La zona controllata dal contingente spagnolo della missione Unifil 2 è quella raggiungibile più facilmente da nord se si vuole nascondere qualcosa. Hezbollah, il partito armato degli sciiti, ha subito condannato l’attentato, che è uno smacco per la sua capillare organizzazione nel sud del Paese. In realtà nell’area dell’attacco terroristico i miliziani sciiti non sono presenti in ogni villaggio, come da altre parti, perché Maryayoun, a poca distanza, è considerato un “capoluogo” cristiano. Inoltre ci sono anche comunità druse e sunnite, che rendono più facile l’infiltrazione di correligionari che odiano allo stesso modo i caschi blu e gli sciiti.
«Mi attendo che accada ancora. La prossima volta potrebbe toccare ai francesi o agli italiani» ha fatto notare Ahmed Hijazi, all’inviato dell’agenzia di stampa Reuter, in un caffè semivuoto di Maryayoun. La conferma di un collegamento tra l’attentato ai caschi blu spagnoli e l’Islam radicale legato ad Al Qaida si basa sulle confessioni di alcuni dei 33 militanti del gruppo palestinese estremista, Fatah al Islam, catturati durante l’assedio del campo profughi di Nahr al Bared nel nord del Paese. Durante gli interrogatori avevano ammesso che si stavano preparando attentati contro la forza di pace dell’Onu, sotto comando italiano, che conta 13mila caschi blu.
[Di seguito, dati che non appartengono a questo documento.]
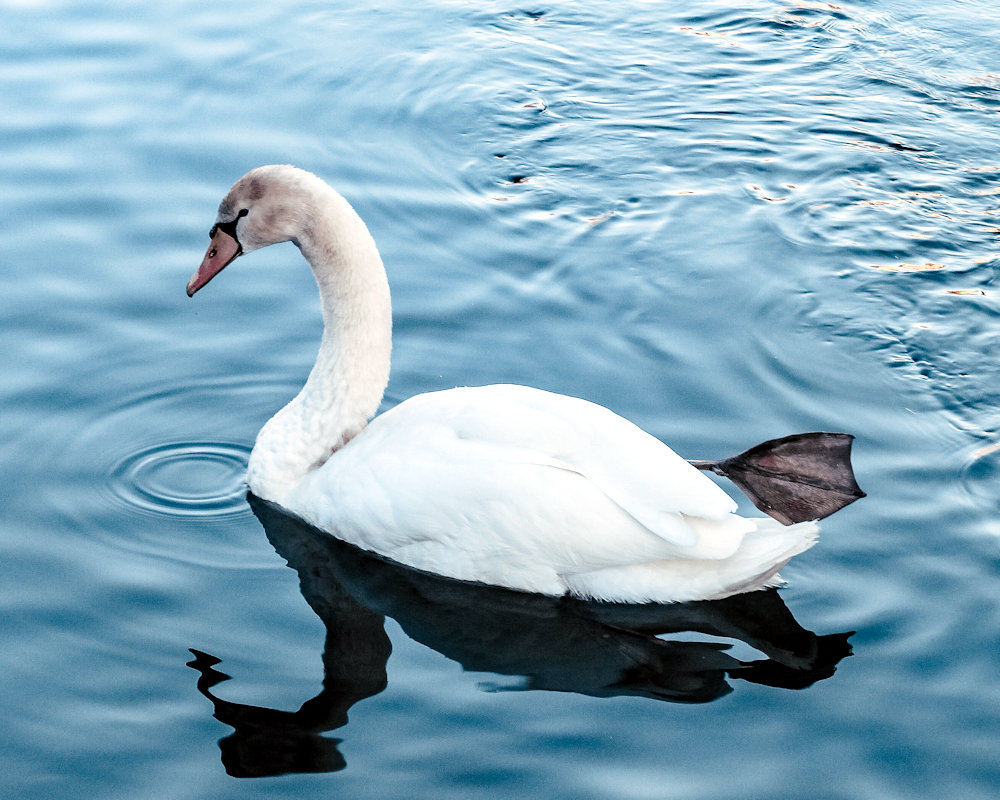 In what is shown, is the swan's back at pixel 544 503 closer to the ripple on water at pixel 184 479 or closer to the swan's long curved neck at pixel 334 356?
the swan's long curved neck at pixel 334 356

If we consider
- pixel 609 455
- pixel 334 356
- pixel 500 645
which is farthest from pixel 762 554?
pixel 334 356

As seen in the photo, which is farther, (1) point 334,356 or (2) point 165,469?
(2) point 165,469

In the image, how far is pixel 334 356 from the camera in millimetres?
5570

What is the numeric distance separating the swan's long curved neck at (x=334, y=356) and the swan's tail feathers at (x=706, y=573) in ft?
4.01

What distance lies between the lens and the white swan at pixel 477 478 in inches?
189

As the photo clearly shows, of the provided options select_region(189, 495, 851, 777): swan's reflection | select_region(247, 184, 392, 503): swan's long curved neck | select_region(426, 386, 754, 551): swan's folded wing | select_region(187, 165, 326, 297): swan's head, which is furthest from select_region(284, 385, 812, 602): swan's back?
select_region(187, 165, 326, 297): swan's head

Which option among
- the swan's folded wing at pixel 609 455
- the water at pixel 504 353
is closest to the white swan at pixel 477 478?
the swan's folded wing at pixel 609 455

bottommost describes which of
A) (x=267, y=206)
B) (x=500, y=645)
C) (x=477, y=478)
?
(x=500, y=645)

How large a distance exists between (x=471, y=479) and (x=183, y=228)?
360 cm

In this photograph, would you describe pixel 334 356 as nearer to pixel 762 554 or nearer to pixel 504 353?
pixel 504 353

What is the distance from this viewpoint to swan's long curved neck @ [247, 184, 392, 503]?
537cm

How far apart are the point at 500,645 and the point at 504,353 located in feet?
6.92

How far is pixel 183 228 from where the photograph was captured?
7.79 metres

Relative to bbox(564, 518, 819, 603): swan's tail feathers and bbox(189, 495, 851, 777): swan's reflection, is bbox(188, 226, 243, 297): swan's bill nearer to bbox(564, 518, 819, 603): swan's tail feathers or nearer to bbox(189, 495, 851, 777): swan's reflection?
bbox(189, 495, 851, 777): swan's reflection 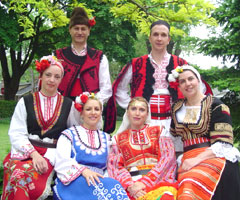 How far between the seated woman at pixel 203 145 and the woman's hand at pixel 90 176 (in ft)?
2.35

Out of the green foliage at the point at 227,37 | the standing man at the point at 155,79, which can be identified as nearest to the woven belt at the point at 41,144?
the standing man at the point at 155,79

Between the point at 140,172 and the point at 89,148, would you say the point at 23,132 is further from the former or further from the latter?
the point at 140,172

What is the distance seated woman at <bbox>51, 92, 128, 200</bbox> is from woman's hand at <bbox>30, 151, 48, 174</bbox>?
0.11 meters

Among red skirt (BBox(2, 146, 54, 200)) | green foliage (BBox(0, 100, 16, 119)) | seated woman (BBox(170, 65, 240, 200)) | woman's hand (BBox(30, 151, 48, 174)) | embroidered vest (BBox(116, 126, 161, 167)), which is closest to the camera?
seated woman (BBox(170, 65, 240, 200))

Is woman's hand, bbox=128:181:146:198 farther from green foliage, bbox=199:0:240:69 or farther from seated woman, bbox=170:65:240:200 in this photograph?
green foliage, bbox=199:0:240:69

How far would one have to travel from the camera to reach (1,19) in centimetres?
984

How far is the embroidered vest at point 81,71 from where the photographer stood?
3508 mm

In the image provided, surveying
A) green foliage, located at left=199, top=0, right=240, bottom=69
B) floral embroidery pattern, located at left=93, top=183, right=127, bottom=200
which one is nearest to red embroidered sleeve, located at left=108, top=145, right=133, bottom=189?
floral embroidery pattern, located at left=93, top=183, right=127, bottom=200

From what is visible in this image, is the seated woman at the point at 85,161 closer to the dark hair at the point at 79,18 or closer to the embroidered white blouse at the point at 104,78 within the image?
the embroidered white blouse at the point at 104,78

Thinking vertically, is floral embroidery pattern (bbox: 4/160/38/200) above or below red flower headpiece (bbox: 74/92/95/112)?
below

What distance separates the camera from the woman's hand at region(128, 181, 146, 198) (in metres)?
2.57

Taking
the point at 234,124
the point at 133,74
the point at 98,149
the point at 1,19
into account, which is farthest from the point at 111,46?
the point at 98,149

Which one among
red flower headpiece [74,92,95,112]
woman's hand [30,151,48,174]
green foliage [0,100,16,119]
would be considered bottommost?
green foliage [0,100,16,119]

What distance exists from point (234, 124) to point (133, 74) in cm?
263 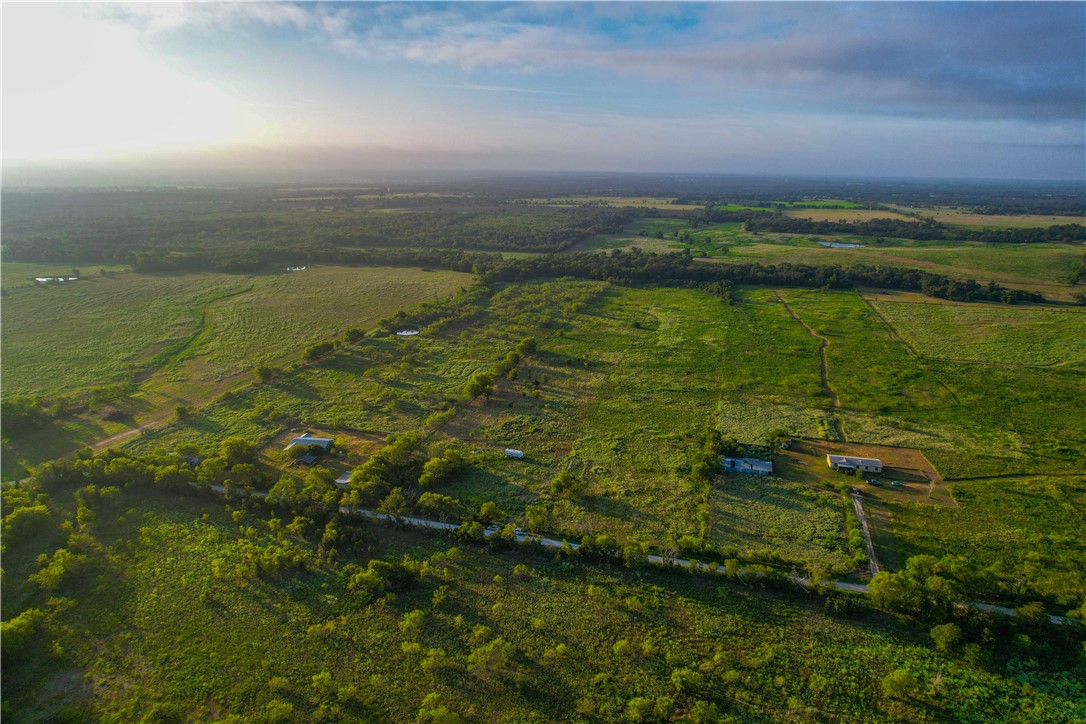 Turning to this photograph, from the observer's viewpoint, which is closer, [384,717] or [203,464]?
[384,717]

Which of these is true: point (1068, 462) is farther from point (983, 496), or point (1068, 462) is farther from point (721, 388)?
point (721, 388)

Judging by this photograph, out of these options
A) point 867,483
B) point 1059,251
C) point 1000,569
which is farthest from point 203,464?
point 1059,251

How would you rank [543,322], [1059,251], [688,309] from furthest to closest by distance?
[1059,251], [688,309], [543,322]

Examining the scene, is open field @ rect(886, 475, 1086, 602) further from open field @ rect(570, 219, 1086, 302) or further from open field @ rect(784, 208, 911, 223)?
open field @ rect(784, 208, 911, 223)

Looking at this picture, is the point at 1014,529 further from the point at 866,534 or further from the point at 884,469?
the point at 866,534

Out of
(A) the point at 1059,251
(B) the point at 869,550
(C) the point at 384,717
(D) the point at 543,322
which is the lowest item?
(C) the point at 384,717

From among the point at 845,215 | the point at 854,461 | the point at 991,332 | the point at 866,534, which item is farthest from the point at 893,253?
the point at 866,534

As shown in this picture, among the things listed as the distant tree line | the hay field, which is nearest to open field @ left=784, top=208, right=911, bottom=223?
the hay field

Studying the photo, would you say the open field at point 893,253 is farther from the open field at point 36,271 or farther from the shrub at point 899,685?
the open field at point 36,271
Ieri è trapelata la notizia che anche tre cittadini australiani, collegati a Fatah al Islam, sono stati arrestati. «C’è un nesso preciso tra l’attentato e la battaglia tra l’esercito libanese e i terroristi di Fatah al Islam a Nahr al Bared», ha detto il ministro dell’Informazione libanese, Ghazi Aridi, al termine di una riunione del governo di Beirut. «Il Libano è vittima di un’ondata terroristica che si espande da nord a sud, in cui l’ultimo obiettivo è stato il contingente spagnolo». Inoltre non va dimenticato che lo scorso anno lo stesso Ayman Al Zawahiri, il numero due di Al Qaida, aveva incitato a compiere attentati contro i caschi blu.
«Non nutro alcun dubbio sul fatto che si sia trattato di un attentato volto a destabilizzare il sud del Libano e a rimettere in causa la missione Unifil», ha dichiarato il ministro della Difesa spagnolo. Alonso è giunto ieri mattina a Beirut assieme a un nucleo specializzato di investigatori e medici legali. Per tre volte ha voluto sorvolare il luogo della strage, a circa sette chilometri dal confine con Israele. L’attentato è avvenuto alle 18.10, ora locale, ma alla prima esplosione dell’autobomba, ne è seguita una seconda delle munizioni all’interno del mezzo colpito. Tre dei sei morti sono di origine colombiana. Alonso ha ammesso che il blindato non aveva le apparecchiature jammer, inibitori di frequenza, che avrebbero potuto interferire con il radiocomando che ha fatto esplodere l’autobomba al passaggio della colonna spagnola.

Lo Stato maggiore di Madrid aveva già deciso di installarli lo scorso novembre, ma si era cominciato con i veicoli impegnati in Afghanistan, considerata una zona a maggior rischio.
Il generale italiano, Caludio Graziano, che comanda la missione Unifil, ha dichiarato in una nota che «non è un attacco solo contro il Libano e contro Unifil, ma contro la stabilità della regione».